Ésta es la buena noticia: ¡Dios contigo, y tú, Emmanuel para los hombres!
La experiencia
de Pedro es para todos. Esto lo vemos reflejado en todos los amigos de Dios a
lo largo de la historia. Todos ellos pasaron por la misma experiencia para
poder acceder desde el infantilismo a la fe adulta. Entendámonos bien; a Dios
le agrada que hagas esta experiencia no porque te hundas, sino porque al asumir
el riesgo de tu adhesión al Evangelio, manifiestas que verdaderamente y sin
florituras confías en Él. De este confiar
en Él nace el Shemá. Tu relación con el Evangelio es el termómetro que
marca tu amar a Dios con todo tu corazón, con toda tu alma y con todas tus
fuerzas (Dt 6,4-5). Es un amor acrisolado, como el oro, por el fuego, como dice
el apóstol Pablo (1Co 3,13).
El pueblo de
Israel, a través de su historia de salvación, es instruido catequéticamente por
Dios a fin de que pueda saber y entender que sólo Él, y nadie más que Él, es
quien le ha salvado; sólo en sus manos está la salvación y liberación.

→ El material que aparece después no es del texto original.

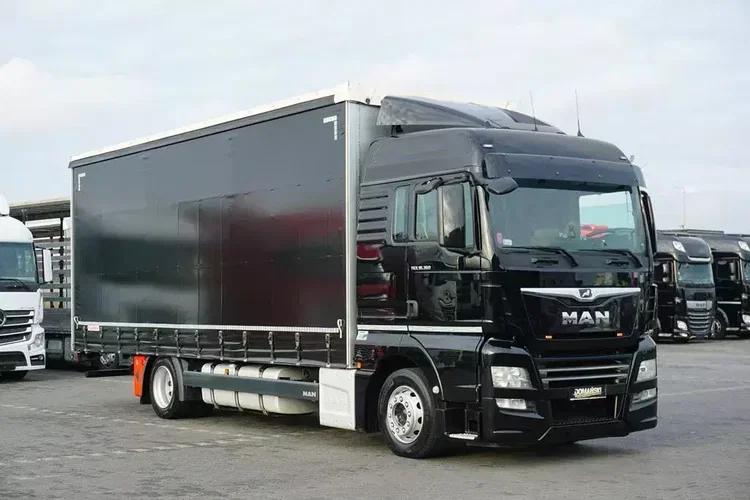 MAN TGX / 18.360 / ACC / E 6 / FIRANKA / 19 PALET / ŁAD. 7650 KG zdjęcie 2
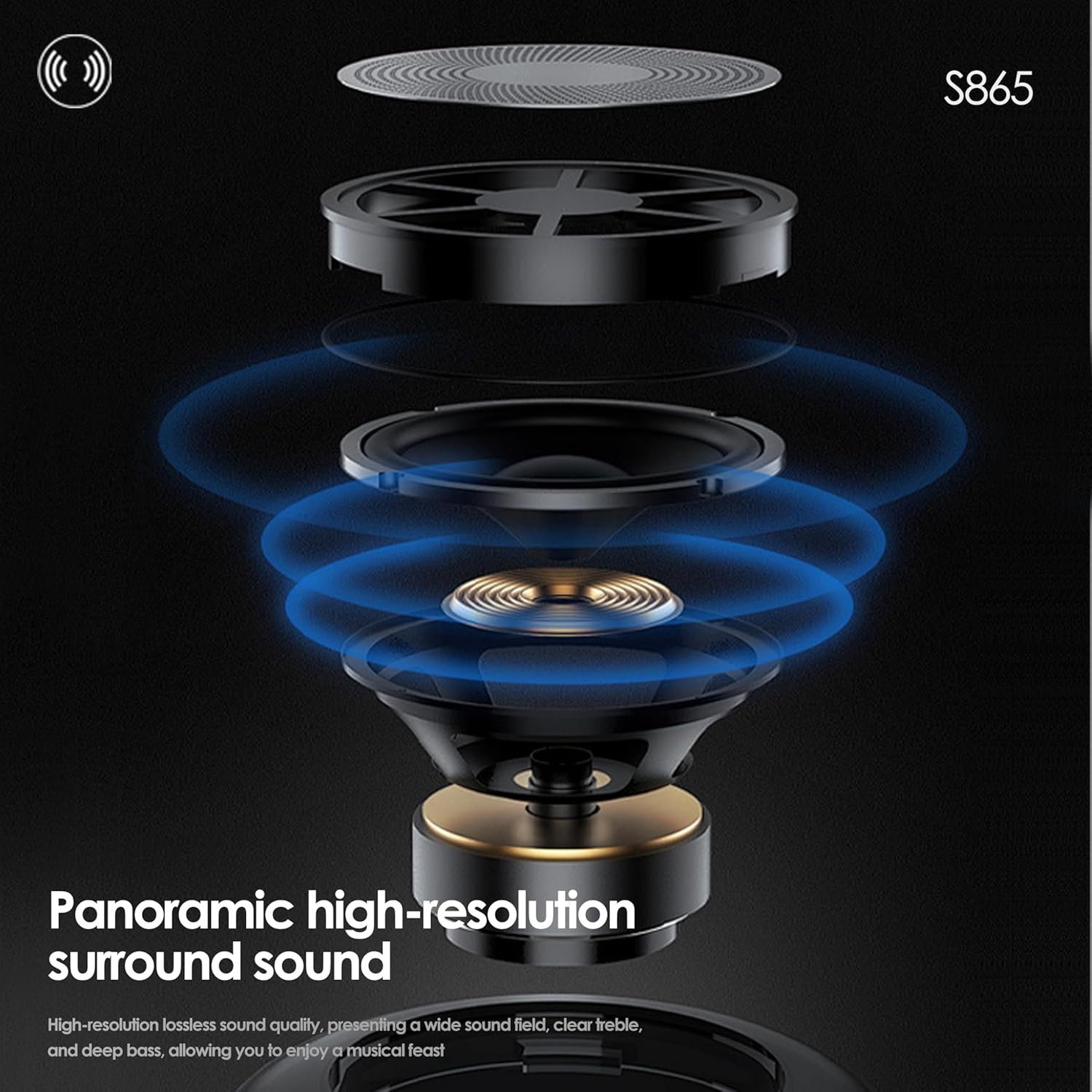 Lenyes-S865-40W-Bluetooth-Speaker-1.jpg Lenyes S865 40W Bluetooth Speaker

Recordemos, por ejemplo, el cántico de Moisés que encontramos en el libro del
Deuteronomio: “En tierra desierta le encuentra, en la soledad rugiente de la
estepa. Y le envuelve, le sustenta, le
cuida, como a la niña de sus ojos. Como un águila incita a su nidada, revolotea
sobre sus polluelos, así él despliega sus alas y le toma, y le lleva sobre su
plumaje. Sólo Yahvé le guía a su destino, con él ningún dios extranjero”.